Yokosuka toughens community service policy
November 18, 2007
YOKOSUKA NAVAL BASE, Japan — Not completing community-service hours could result in a loss of access to military bases under a new policy at Yokosuka.
Too many people were neglecting community service imposed as punishment, so Yokosuka added a “suspended debarment” to such assigned penalties, said the base’s staff judge advocate, Lt. Alison Shuler.
This means civilians and dependents who miss their scheduled community service on more than two occasions will be barred from all military installations in Japan. The new policy has been in place for just three months and already is making a difference, Shuler said.
“We’re seeing a lot more compliance,” she said Thursday.

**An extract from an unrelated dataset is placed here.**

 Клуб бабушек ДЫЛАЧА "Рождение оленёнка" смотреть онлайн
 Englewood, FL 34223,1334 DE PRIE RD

The Civilian Administrative Forum, or CAF, created the suspended-debarment policy. The CAF hears cases of base civilians facing disciplinary measures for such offenses as shoplifting, assault, destruction of property and disrespecting security officers, said Arnold Webre Jr., who heads the program. Many of the offenders are minors, he said.
After the offender, a sponsor and an administrative hearing officer discuss an incident, the hearing officer restates the facts and makes a recommendation for community service. Adults usually work off their hours in the library or chapel, while minors normally pick up trash. Webre described the process as “pretty non-adversarial.”

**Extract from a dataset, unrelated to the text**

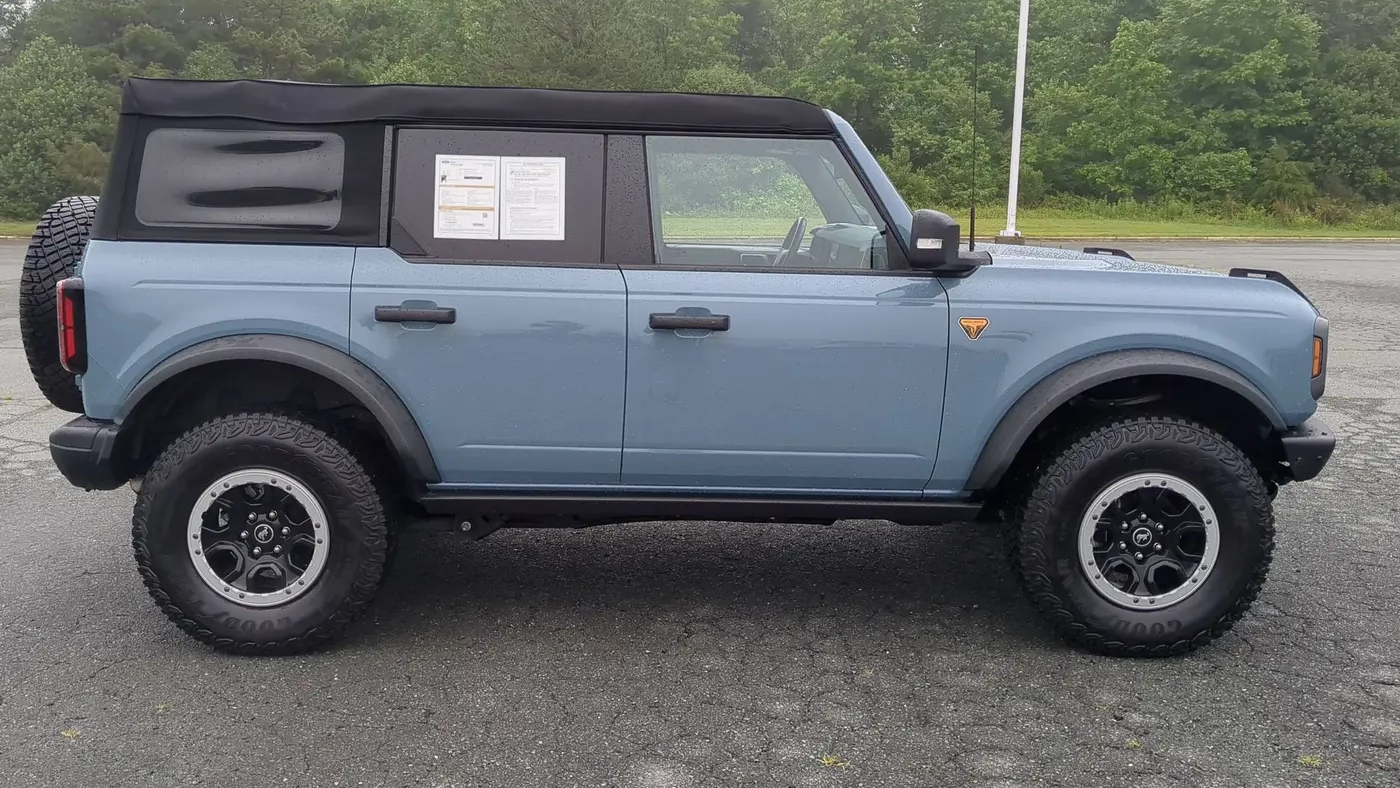 2023 Ford Bronco Badlands Advanced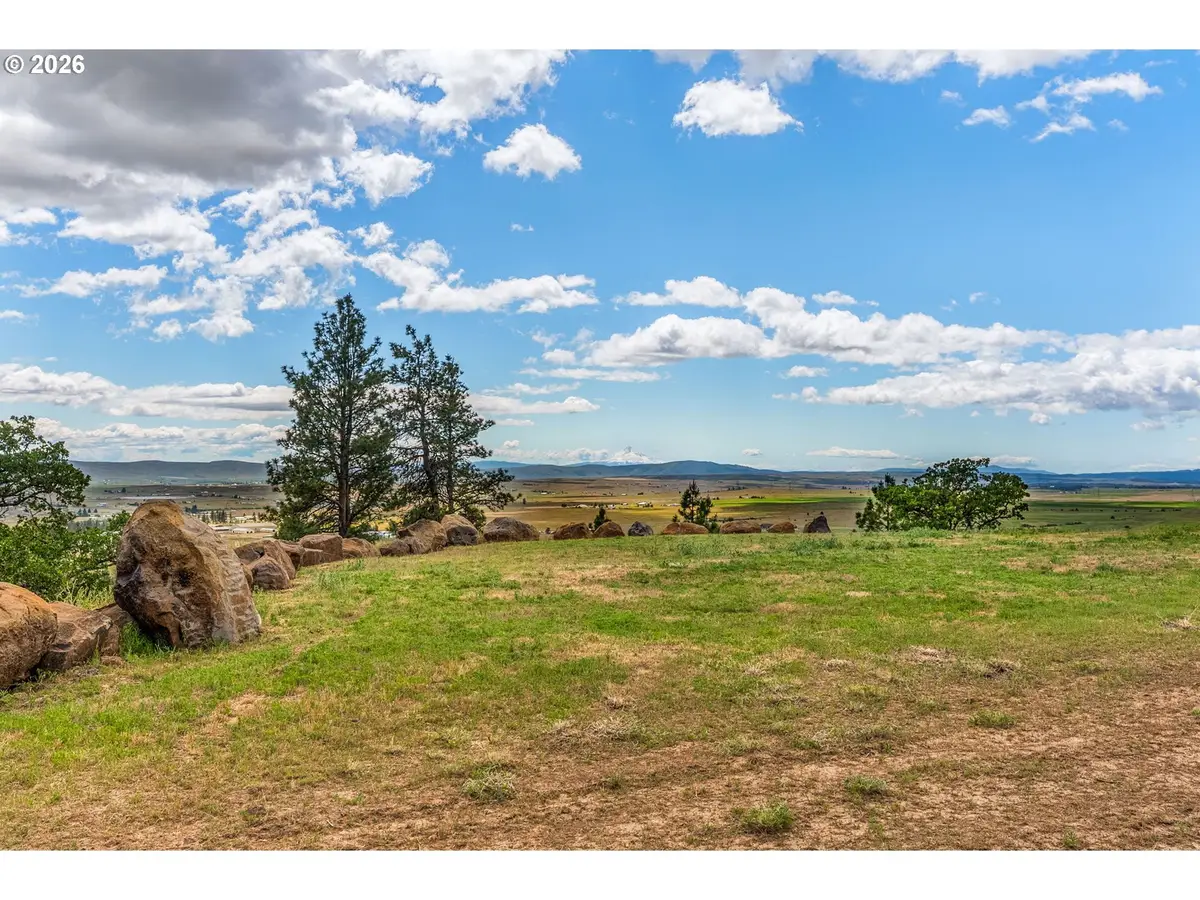 125 Eagle Dr #18/19, Goldendale, WA 98620 - #1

The recommendation then goes to base commander, Capt. Daniel Weed, who can increase or decrease the recommended community service.
The suspended-debarment policy will be used if an offender fails to complete 25 hours of community service a month. A first offense garners a warning letter; the second mandates a meeting with the base’s chief staff officer; and a third strike results in debarment.
Debarment now means restriction from every military installation in Japan. But while any aspect of the disposition can be appealed, a CAF hearing is not a legal trial, Shuler said.
“CAF is not a trial, there are no charges, and there are no punishments,” Shuler said. “The captain does not have to go through due process to bar someone from base who is causing trouble. He is in charge of maintaining good order and discipline on the base.”